Photo by Tom Martinez
Often called the “first lady of civil rights,” the popular image of Rosa Parks is that of a quiet seamstress whose refusal to give up her seat on a bus helped end public segregation.
However, Jeanne Theoharis challenges this image of Parks in her new book
, The Rebellious Life of Mrs. Rosa Parks
, which received a 2014 NAACP Image Award.
As part of Carnegie Mellon’s annual Margaret Morrison Distinguished Lecture in Women’s History
, Theoharis recalls Parks’ political philosophy and six decades of social justice work, rebuking the image of a quiet one-off protestor.

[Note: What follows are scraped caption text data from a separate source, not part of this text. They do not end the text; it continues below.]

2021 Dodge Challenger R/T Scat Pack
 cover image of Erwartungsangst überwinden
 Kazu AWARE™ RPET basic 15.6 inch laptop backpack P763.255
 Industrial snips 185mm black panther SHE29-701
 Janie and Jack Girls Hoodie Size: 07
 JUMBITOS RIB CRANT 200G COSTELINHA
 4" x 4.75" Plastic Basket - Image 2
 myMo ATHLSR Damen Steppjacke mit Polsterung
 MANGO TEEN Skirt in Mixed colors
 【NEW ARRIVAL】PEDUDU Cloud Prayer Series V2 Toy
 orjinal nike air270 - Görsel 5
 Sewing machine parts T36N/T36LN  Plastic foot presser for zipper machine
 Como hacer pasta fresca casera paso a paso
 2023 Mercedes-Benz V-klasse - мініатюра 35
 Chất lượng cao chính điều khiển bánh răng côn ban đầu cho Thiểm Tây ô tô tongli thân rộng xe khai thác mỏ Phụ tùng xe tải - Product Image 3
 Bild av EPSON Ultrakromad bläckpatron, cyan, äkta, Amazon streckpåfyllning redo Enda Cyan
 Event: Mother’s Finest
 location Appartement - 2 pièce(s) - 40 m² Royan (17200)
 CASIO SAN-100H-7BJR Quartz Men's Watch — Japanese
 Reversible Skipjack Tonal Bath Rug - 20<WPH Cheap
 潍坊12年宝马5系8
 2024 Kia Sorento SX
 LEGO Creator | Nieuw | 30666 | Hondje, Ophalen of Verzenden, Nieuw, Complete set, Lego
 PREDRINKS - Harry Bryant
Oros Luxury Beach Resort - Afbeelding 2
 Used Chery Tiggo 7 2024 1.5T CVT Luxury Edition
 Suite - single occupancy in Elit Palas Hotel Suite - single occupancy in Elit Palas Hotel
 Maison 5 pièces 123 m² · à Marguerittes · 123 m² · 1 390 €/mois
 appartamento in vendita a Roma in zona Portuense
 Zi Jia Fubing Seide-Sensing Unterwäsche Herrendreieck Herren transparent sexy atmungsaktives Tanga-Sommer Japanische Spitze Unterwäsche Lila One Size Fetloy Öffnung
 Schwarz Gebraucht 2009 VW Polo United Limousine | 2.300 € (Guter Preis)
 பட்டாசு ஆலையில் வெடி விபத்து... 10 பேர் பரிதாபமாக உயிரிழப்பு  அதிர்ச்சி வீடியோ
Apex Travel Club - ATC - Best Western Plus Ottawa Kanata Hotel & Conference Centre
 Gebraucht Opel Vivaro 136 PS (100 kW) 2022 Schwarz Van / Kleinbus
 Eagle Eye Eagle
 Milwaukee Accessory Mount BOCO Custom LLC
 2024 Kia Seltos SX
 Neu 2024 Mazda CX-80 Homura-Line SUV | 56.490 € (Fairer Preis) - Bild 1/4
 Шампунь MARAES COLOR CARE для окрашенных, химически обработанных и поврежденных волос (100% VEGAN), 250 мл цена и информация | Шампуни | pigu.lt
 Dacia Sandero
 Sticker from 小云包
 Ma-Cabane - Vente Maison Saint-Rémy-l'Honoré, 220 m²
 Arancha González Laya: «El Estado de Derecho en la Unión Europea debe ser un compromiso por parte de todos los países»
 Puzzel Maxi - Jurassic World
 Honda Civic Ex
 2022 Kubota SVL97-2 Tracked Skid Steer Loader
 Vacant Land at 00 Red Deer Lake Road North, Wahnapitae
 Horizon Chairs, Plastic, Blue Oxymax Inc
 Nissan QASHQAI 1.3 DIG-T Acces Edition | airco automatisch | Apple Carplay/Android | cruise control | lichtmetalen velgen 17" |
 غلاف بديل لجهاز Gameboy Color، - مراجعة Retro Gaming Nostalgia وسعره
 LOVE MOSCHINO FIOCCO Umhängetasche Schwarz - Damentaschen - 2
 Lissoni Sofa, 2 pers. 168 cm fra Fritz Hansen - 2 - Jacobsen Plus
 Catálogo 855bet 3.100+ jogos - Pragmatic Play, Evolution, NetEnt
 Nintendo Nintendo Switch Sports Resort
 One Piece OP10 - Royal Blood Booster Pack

Theoharis reveals a woman who had a history of being rebellious, and how this rebellious nature impacted years of unjust social practice. Gwen Ifill of PBS Newshour has praised Theoharis for “giving us a valuable framework for understanding the present and future.”
The New York Times
describes Theoharis’ Rosa Parks, “as much Malcolm X as she is Martin Luther King, Jr.”
Theoharis, who is the author of several other books about the civil rights movement and contemporary race politics, will speak at 4:30 p.m. today following a short reception.
The free talk will be given in the Giant Eagle Auditorium, room A51 of Baker Hall at Carnegie Mellon, located at 1098 Morewood Ave., Oakland.